Ava waved good-bye and headed out the door with her wallet and beat up cell phone. Maybe she should get a new one. This one reminded her too much of her time in Japan. Sometimes, she wished she could just tune it all out. It just made her miss him more.
On the other hand, the couple of weeks with Ryu she wouldn’t trade for all the time in the world with anyone else.
Ava stopped at a Duane Reade to pick up some small pack toiletries. She was heading back to Boston tomorrow morning for an extended visit with the Pure Ones, and with Rain in particular.
One, they needed to do another thorough exam on Ava to see how she was progressing at a molecular level.
Two, Ava wanted to work with Rain on the Evergreen sample they brought with them from Japan. Rain had tried to identify whether the sample was Pure or Dark, and discovered that it was both and it was neither. She requested Ava’s help to further research the genetic materials.

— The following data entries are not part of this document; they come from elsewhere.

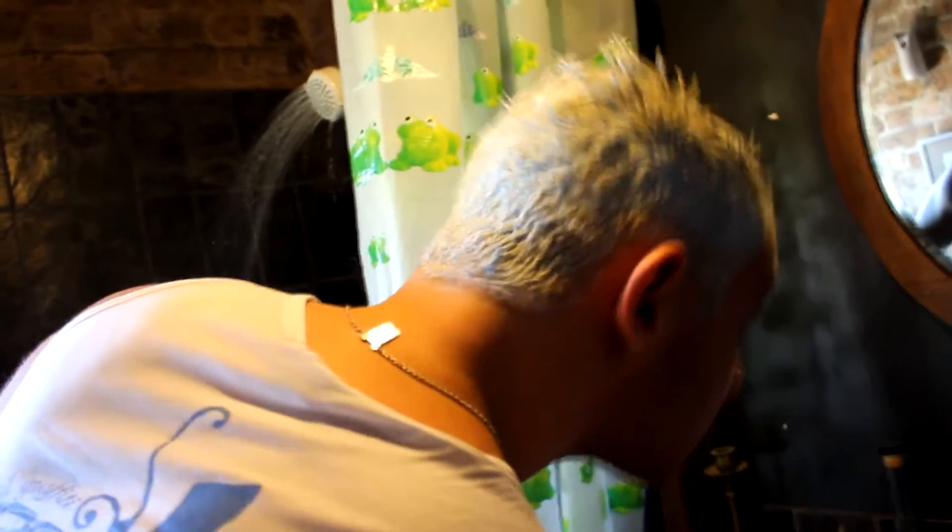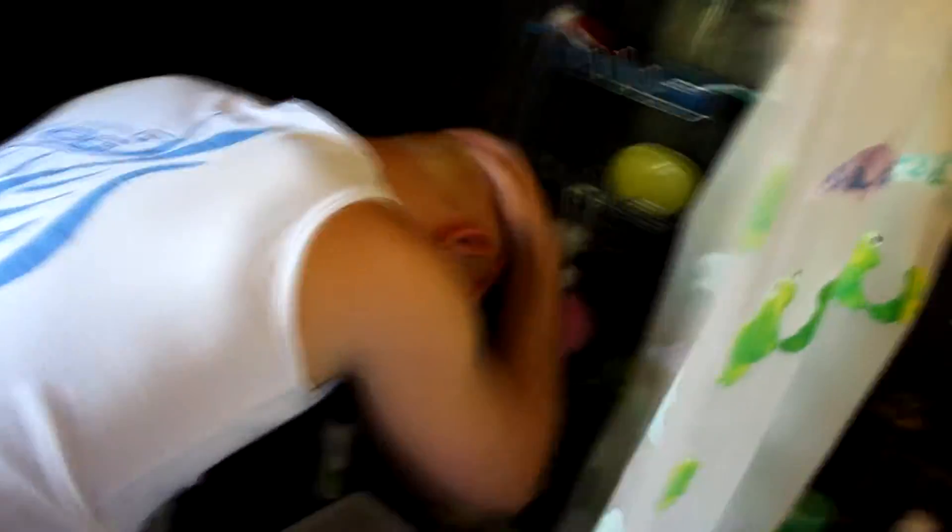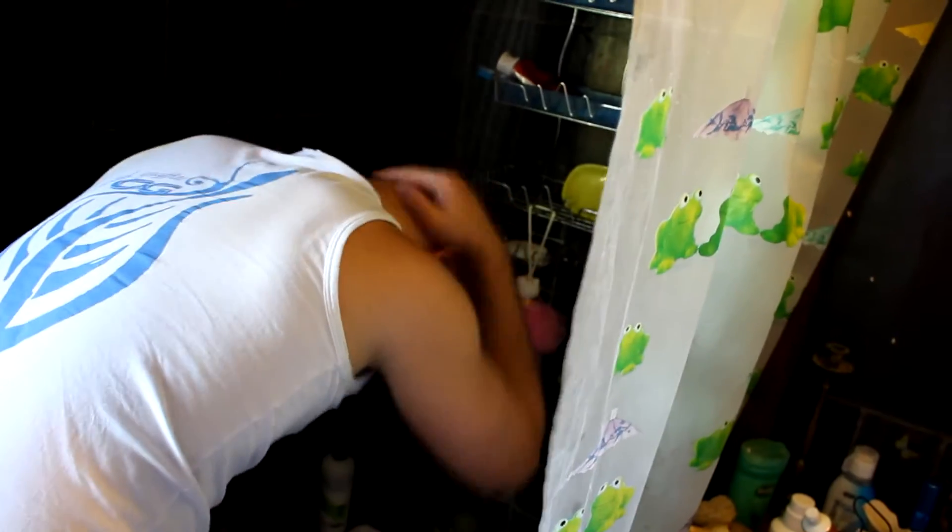Hey guys, now is the second try. Let's see if it's bleached enough to apply the toner later. Let's see if it's done. Oh my God! Holy shit! Wow! Oh my God, what's happening?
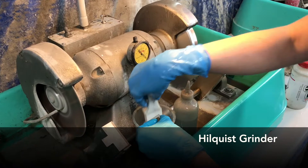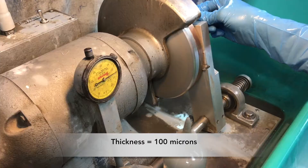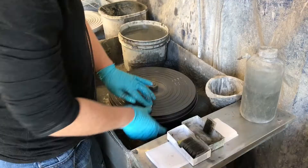Next, the slide is placed on the chuck of the Hillquist grinder. The design of this machine keeps the slide perfectly parallel to a vertical grinding wheel. Watching the thickness gauge, the technician incrementally guides the machine down to a thickness of around 100 microns.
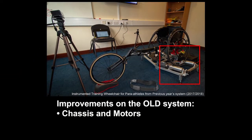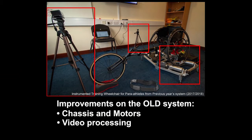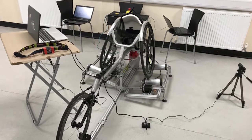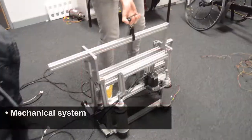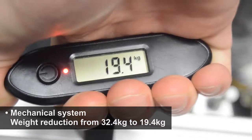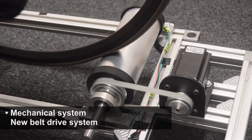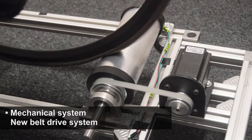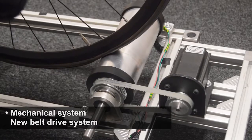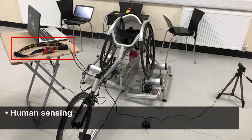Improvements have been made on the chassis and motors, video processing, and human sensing of the old system. Our new system has four main aspects with significant milestones. The first is the mechanical system, which delivers a 40% weight reduction by replacing the motors and removing the hydraulic jack. A new belt drive system for the motors is implemented, allowing the rollers to be freewheeling and achieving better torque scaling and torque transfer.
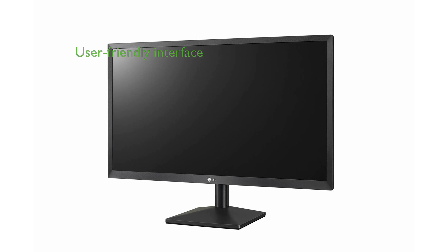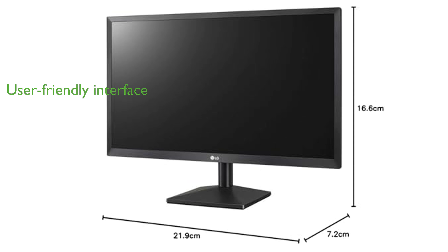On-screen control offers a user-friendly interface for adjusting monitor settings, such as brightness and volume, quickly and effortlessly.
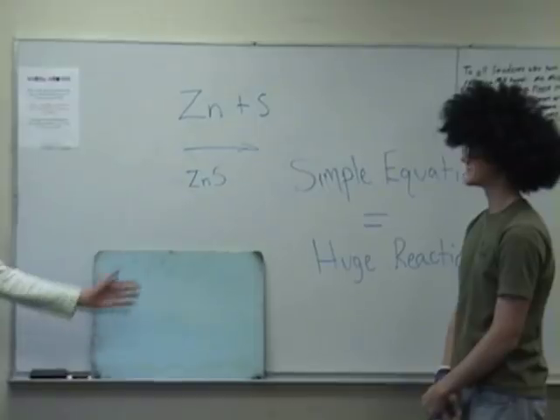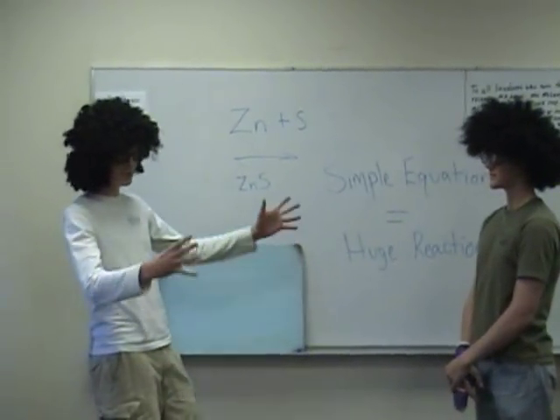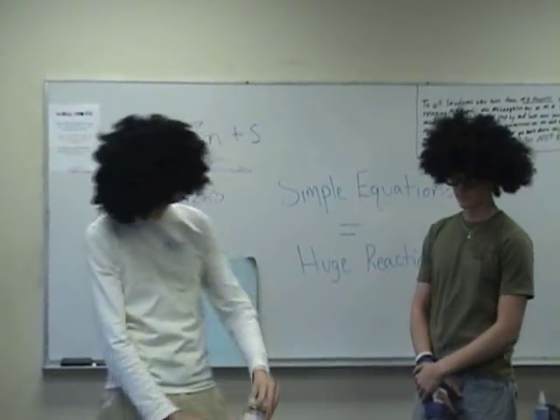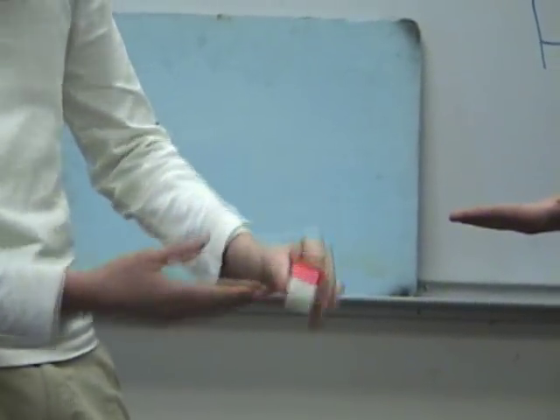Today, for our last experiment, we are going to do something quite explosive. Very explosive. We are taking zinc powder — looks like this — plus sulfur, which is a yellow element.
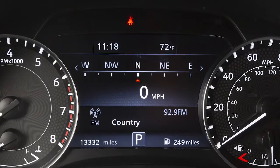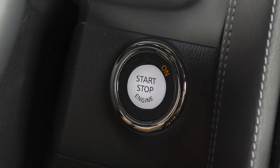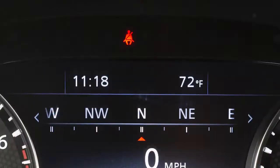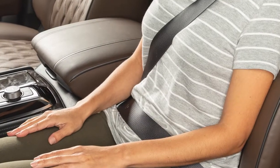These important features remind you to fasten seatbelts. The light illuminates whenever the ignition is in the on position. It stays on until the driver's seatbelt is fastened. The chime also sounds for a period of time unless the driver's seatbelt is secured.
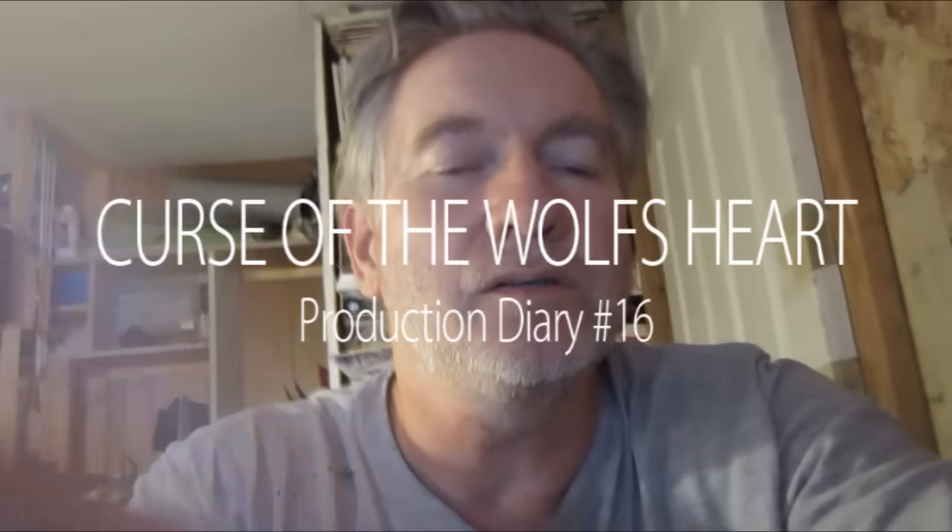Hey guys, it's Jeff Lafferty. So today's the stop-motion update for my little web series, Curse of the Wolf's Heart. This stuff I'm going to show you today was actually shot like a few weeks ago. If you notice in my last video, you can actually see the stuff I'm building in this video already built in the background. But I'm in the process of animating right now, so it's kind of hard to shoot videos without spoiling what the actual little movie will be. So I'm kind of trying to pad out my time a little more until I get that done, and then I can show some more behind-the-scenes type stuff.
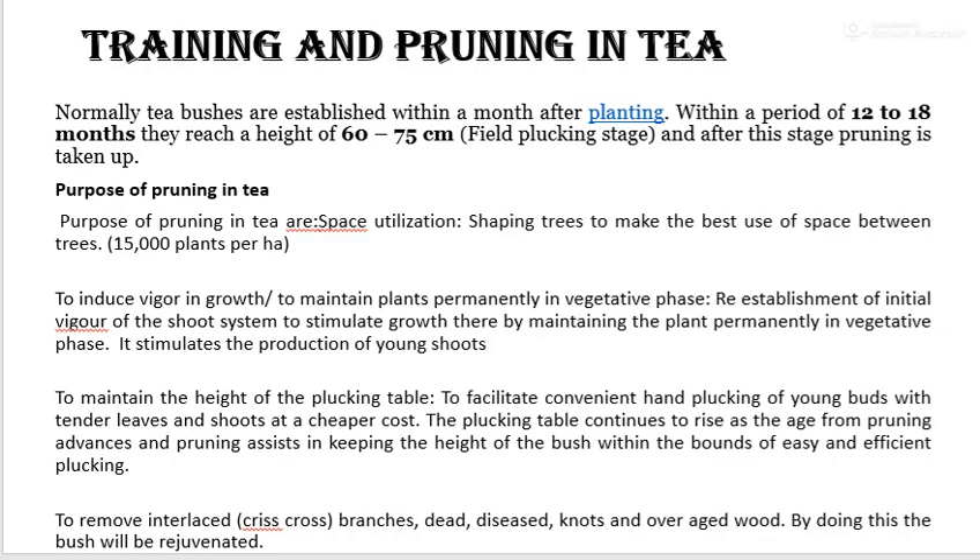Training and pruning of tea: tea bushes are established within a period of 12 to 18 months after planting, reaching a height of 60 to 75 cm. After the field plucking stage, pruning is taken up. The purpose of pruning in tea includes space utilization, shaping tea to make best use of space between trees, and inducing vigor in growth to maintain plants permanently in vegetative phase, stimulating the production of young shoots.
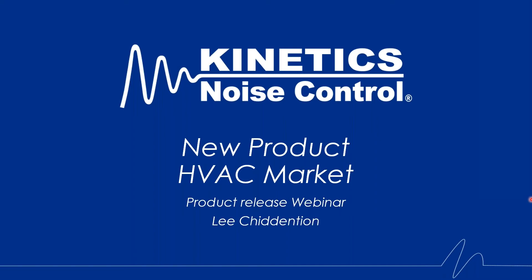Good afternoon everyone. Welcome to today's webinar. For those of you that don't know me, I'm Lee Chudenshin. I am the Director of Sales for the HVAC market at Kinetics Noise Control. I cover the U.S. and Canada, and our product focus is vibration isolation, wind and seismic restraint. We're going to make this a short and sweet presentation. If you have any questions throughout, please put them in the chat box and I'll address those before I sign off at the end.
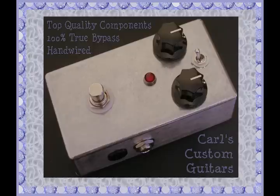This is an audio demo for the Carl's Custom Guitars Dual Fuzz and Phase UniVibe pedal. First up is the Fuzz pedal in Tone Bender mode. Lots of very thick fuzz and sustain. Check it out.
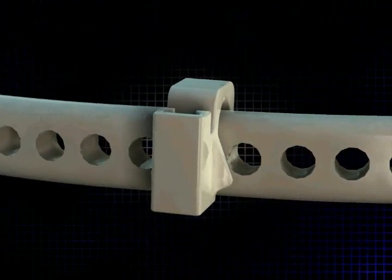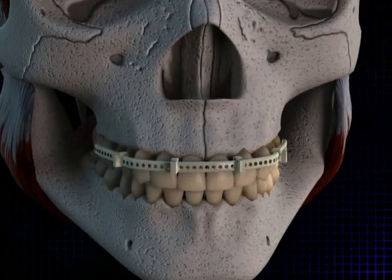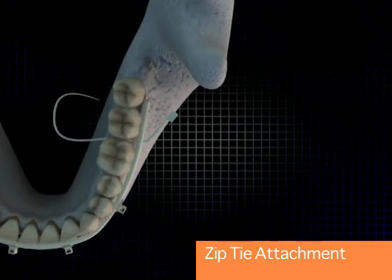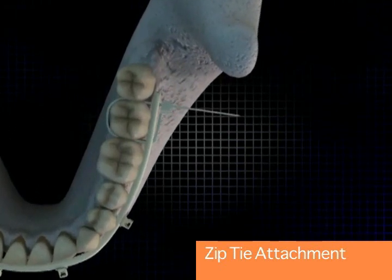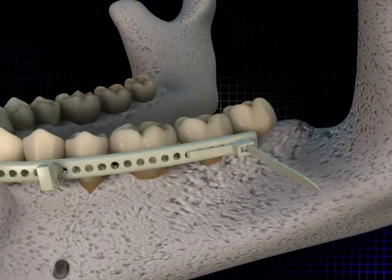These swivel slightly to allow the surgeon to align the brackets however they need to. The zip tie attachment is actually used to create a circum-dental ligature in place of wires, and this securely fastens the arch bar to the tooth bearing segment.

Three, Ava wanted to use the Pure Ones’ facilities to continue working on a cure for her father’s Parkinson’s, among other degenerative diseases. She’d use her own blood as a starting point. Because of the secrecy of the Pure and Dark races, she’d have to use secure facilities that didn’t risk their exposure to humans. The one place that she knew of that offered such an environment was the Pure Ones’ Shield.
On the surface, her life hadn’t really changed that much. She was still doing work she was passionate about. She’d re-acclimated herself to the research center at Columbia the Monday after her return. She had her family, and their everyday banter grounded her in wholesomeness and familiarity.
But fundamentally, she knew that everything had changed. She still had professorships with both Harvard Medical School and Columbia University, but she didn’t know how long she could keep those. At some point, her colleagues would notice that she didn’t age. Good genes could only go so far as an explanation.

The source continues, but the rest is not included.